Friday, August 26, 2011

Week 4 reading: It's Just Better That Way

Our society today has changed drastically from what it was before. So many people use cell phones as a means of communication and even to handle business. I had to learn the hard way that some things just really need to be done in person. I love the story that he told about his father and how he father taught him a valuable lesson: "Some things are just better to handle in person". When texting no one knows your true emotion or how you said it so in the long run it can lead to more trouble when you could have just met up with the person to have the conversation.

I love this fact he stated in this book which says "I am the framework for everything that happens in my life". I work at an Elementary school and we all know that these grade level students are always quick to blame someone else when caught doing something wrong. In actuality, we as adults still have this problem sometimes. We blame someone else so that we can feel right!! I wish that he would have took the story from a different standpoint like this when talking about the car wreck issue. So here is my way of describing this story: A drunken, young girl immediately slams on her brakes to stop for a car in front of her and the person riding behind this young girl runs into the back of her car. In North Carolina if you hit someone from behind you are at fault regardless. If you look at the story, the person that would automatically be blamed in a line up is the drunken, young girl because she is drunk. So we must remember that we are the framework for everything that happens in our lives. We control ourselves!

Last but not least, Love is neither about self-determination nor sacrifice. It is a context in which two people build the life they want together. In a marriage, we may have to sacrifice some but the most important part is that we are building a life together and the more you build the happier you are as a unit.

3 comments:

  1. Tiffany,

    Being a Kindergarten teacher, I experience the blaming of others on a minute by minute basis. it is amazing how they go from telling on themselves at the toddler stage to transferring the blame onto others at the Kindergarten age.

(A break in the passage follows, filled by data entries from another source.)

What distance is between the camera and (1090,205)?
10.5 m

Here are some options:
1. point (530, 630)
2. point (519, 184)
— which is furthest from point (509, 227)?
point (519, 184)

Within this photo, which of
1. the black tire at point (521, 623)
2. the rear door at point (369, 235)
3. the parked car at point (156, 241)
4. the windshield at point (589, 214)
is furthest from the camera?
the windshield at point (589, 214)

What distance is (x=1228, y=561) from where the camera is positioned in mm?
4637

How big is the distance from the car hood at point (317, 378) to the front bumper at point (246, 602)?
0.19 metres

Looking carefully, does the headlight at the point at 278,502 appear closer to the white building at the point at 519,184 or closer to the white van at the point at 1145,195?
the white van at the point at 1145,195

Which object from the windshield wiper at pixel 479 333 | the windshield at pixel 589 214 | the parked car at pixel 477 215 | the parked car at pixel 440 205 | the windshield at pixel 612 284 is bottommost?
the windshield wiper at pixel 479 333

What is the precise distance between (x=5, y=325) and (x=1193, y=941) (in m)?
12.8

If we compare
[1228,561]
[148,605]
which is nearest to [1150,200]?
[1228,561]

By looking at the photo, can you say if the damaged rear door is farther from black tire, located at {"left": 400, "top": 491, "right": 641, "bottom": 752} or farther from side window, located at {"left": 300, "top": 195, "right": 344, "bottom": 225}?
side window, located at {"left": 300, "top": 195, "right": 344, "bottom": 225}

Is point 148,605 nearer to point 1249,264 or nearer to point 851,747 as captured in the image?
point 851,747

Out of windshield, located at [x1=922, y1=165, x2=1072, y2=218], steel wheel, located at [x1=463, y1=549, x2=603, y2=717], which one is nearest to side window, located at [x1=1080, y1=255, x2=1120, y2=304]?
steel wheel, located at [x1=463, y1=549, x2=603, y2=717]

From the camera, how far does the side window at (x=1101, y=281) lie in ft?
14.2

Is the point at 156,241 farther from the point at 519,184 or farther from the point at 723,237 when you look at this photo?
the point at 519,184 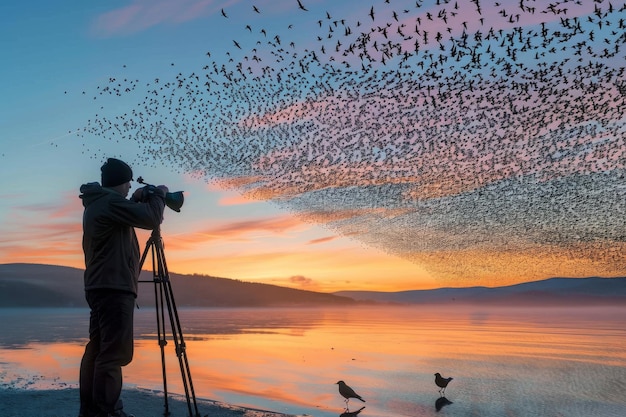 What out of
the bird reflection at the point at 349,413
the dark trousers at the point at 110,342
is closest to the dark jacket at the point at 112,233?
the dark trousers at the point at 110,342

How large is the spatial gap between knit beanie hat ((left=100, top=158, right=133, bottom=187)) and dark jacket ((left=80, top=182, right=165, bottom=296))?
13 cm

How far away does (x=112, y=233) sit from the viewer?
605 centimetres

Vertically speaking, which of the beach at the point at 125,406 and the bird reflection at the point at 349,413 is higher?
the beach at the point at 125,406

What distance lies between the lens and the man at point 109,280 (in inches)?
232

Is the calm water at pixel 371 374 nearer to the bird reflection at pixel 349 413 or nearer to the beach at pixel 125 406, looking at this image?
the bird reflection at pixel 349 413

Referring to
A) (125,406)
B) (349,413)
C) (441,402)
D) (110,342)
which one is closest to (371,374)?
(441,402)

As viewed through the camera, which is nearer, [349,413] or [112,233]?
[112,233]

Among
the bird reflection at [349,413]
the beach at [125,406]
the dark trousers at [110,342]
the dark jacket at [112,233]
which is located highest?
the dark jacket at [112,233]

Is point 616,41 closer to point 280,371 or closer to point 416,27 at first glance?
point 416,27

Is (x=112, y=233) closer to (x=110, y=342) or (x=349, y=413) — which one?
(x=110, y=342)

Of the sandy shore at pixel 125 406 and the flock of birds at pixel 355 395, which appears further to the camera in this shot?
the flock of birds at pixel 355 395

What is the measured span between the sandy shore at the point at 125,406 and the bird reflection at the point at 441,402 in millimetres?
4641

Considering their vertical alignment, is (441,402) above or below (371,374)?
below

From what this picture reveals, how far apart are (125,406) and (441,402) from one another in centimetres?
734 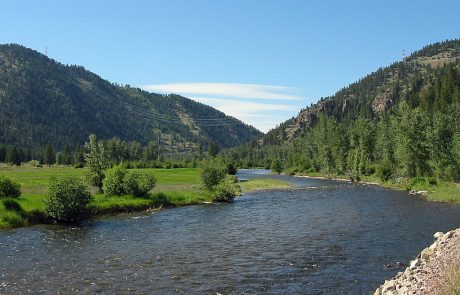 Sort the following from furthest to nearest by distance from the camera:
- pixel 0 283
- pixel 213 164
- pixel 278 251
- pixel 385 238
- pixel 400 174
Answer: pixel 400 174 < pixel 213 164 < pixel 385 238 < pixel 278 251 < pixel 0 283

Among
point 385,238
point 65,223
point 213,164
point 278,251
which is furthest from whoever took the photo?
point 213,164

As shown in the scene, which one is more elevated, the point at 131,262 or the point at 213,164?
the point at 213,164

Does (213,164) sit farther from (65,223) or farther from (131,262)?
(131,262)

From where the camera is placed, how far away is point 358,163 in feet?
495

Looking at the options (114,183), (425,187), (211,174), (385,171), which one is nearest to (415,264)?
(114,183)

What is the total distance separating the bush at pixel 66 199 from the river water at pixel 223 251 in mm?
3288

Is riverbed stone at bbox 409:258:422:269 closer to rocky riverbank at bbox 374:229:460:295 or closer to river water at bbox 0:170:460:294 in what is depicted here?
rocky riverbank at bbox 374:229:460:295

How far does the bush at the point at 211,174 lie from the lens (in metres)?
88.0

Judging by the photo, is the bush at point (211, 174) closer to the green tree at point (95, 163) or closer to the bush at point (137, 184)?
the bush at point (137, 184)

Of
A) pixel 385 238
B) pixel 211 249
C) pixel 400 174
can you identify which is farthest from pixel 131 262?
pixel 400 174

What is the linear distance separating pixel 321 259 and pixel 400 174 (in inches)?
3492

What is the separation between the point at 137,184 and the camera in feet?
251

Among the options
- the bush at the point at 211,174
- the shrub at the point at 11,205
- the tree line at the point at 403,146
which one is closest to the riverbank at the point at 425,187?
the tree line at the point at 403,146

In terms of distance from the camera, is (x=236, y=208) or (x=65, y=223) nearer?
(x=65, y=223) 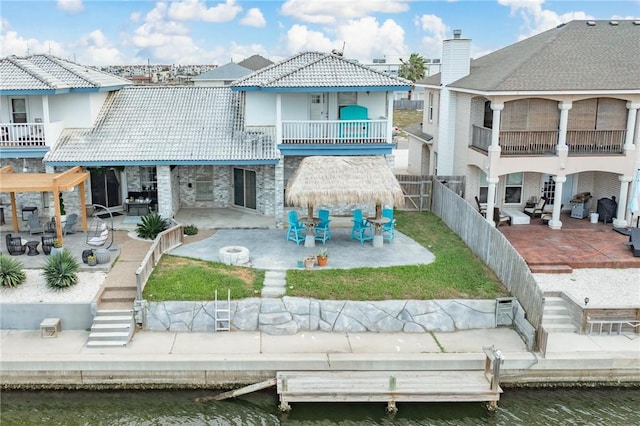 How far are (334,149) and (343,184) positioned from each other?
3.58 m

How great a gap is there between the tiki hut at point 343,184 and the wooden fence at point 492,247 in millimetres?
2913

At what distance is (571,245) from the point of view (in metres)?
21.5

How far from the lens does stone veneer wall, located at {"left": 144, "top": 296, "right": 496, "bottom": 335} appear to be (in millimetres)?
16375

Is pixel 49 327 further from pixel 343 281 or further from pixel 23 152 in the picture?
pixel 23 152

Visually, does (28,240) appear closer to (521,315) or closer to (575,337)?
(521,315)

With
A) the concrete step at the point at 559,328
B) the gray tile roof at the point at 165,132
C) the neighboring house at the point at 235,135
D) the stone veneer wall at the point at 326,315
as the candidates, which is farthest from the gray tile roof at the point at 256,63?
the concrete step at the point at 559,328

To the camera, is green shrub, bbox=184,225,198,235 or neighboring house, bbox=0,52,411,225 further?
neighboring house, bbox=0,52,411,225

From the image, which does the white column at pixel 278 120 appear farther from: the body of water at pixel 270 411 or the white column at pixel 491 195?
the body of water at pixel 270 411

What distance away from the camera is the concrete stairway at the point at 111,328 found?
15359 millimetres

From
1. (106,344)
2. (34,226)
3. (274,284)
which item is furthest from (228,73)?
(106,344)

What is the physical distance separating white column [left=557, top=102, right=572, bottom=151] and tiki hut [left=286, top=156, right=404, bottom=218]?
724 centimetres

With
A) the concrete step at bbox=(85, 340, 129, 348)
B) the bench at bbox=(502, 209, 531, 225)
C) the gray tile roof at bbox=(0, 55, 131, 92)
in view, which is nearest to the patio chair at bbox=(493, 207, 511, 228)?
the bench at bbox=(502, 209, 531, 225)

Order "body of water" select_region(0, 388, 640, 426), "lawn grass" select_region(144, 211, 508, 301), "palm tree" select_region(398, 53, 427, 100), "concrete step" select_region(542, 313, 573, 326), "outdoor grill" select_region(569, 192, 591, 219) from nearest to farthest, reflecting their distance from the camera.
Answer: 1. "body of water" select_region(0, 388, 640, 426)
2. "concrete step" select_region(542, 313, 573, 326)
3. "lawn grass" select_region(144, 211, 508, 301)
4. "outdoor grill" select_region(569, 192, 591, 219)
5. "palm tree" select_region(398, 53, 427, 100)

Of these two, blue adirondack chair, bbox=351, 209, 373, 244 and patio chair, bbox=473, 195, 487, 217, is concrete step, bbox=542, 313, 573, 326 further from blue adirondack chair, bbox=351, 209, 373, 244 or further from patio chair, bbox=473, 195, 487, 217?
patio chair, bbox=473, 195, 487, 217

    We must remember that all of our actions have an opposite and equal reaction. Think before you act!! There are always consequences, good or bad!!!!

    Great post!!!!!

    ReplyDelete
  2. I agree with you about the part in the book where being the framework for what happens in our lives is discussed. We really do only have control over ourselves and it's time we realize that whatever we put out is what's coming back. The way we express ourselves and communicate pretty much sets the stage for how others will react to us. When it comes to marriage, I also agree with you that love is not about self determination or sacrifice. IT is building and growing. I just celebrated my 10th year of marriage this month and we definitely are still growing together. The best quote I've ever read which is great to keep in mind is the following "Success in marriage does not come merely through finding the right mate, but through being the right mate". ~Barnett R. Brickner

    ReplyDelete
  3. Interesting example with the car crash from behind. It's not about fault but the road back and what we decide to take with us for the trip back. Also, I love what you wrote about love being neither selfish or self-sacrificing but building something together. Great thoughts.